Soon after that, I went to Kaiser and parked on the 5th floor of the garage. I always park on the top floor of every garage ever because I can never remember where my car is. I stood alone and waited for the elevator to arrive. When it finally did, it was empty save one person: an older Black man with graying hair and a neatly-trimmed graying beard, in work coveralls, who had been cleaning the elevator. He was finishing a wipe as the door opened. We looked at each other and he instantly said, “I’ll leave the elevator to you,” holding the door as he stepped out. Time slowed. I knew he had no reason to leave that elevator since there wasn’t a damn thing on the top floor of that garage save a handful of parked cars: no office, no storage closet, no nothing. I knew he was doing it because he was nervous about frightening ME, about what I might say or do or accuse him of. Without thinking, I smiled and started teasing him, “You’re not riding with me? Is it me? I’m not good enough for you?” He smiled back and got back into the elevator, smiling and flirting with me the entire way down, calling me “good eye candy.” In one respect, it was one of the best elevator rides of my life (nothing will beat 33 floors with Malcolm McDowell), because who doesn’t want to be called “good eye candy” by an older gent? But I think about this man over and over and over, and I feel sick. I feel sick that he felt nervous around me. I feel sick that our culture has given him good reason to be on his guard around me. I feel sick that I had so much power in this exchange. HE’S the elder; HE should be the one deferred to, the one with the power. Who am I? I’m NO ONE. I have no power. But the racial dynamics in the US being what they are, I have power I do not deserve.
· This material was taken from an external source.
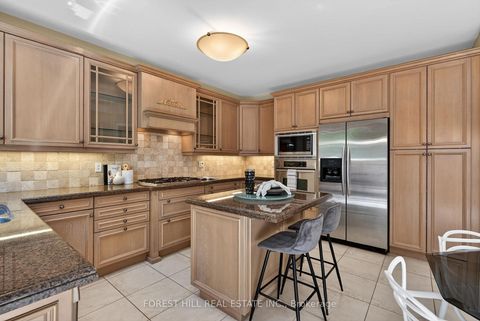 Photo 17 at 33 Chopin Boulevard, Patterson, Vaughan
Whoever you are, elevator cleaning guy at Kaiser Richmond, you made my day with that “good eye candy” comment. You gave me the second best elevator ride of my life. And I’m so, so sorry.


4 thoughts on “I Ain’t Shit

  1. Love this column. Thanks for writing it. We can only change if we are aware…Thanks for making us aware.

  2. joy plummer says:

    Made me cry reading it, Melissa. That is heart-breaking. Damn, our society.

  3. vweak says:

    I was at the bike store a few weeks ago, getting a flat fixed, and enjoying eavesdropping on a dad with two sons I’m going to say around age 10 or 11 – they were waiting on getting one bike tuned up, and one of the two boys was lobbying hard for a new bike – ‘dad look at this one’ ‘dad look at that one – it’s a real bmx!’ Dad finally responded to the ‘real bmx’ to say ‘nope, no way. No red bikes. No blue bikes either, Diego. We don’t do those colors.’
    This was a big privilege recognition moment for me – I rode a red bike for most of elementary school and thought nothing of it – and I’m sure neither did my parents. To avoid the colors red and blue because you know that latino male + red or latino male +blue equals gang member and therefore a potentially dangerous response from many different sources, even to a 10 year old, who just wants to ride a ‘real bmx’ – all I could do was take this in, and recognize my privilege. Thanks Melissa.

  4. Veage says:

    Thanks for this melissa. I don’t like to pay attention to racial issues, but their everywhere. I tend believe that class is a bigger issue in the black community, and america at large. However,I can’t ignore the growing divide in america between the ethnicities. It’s sad and ridiculous.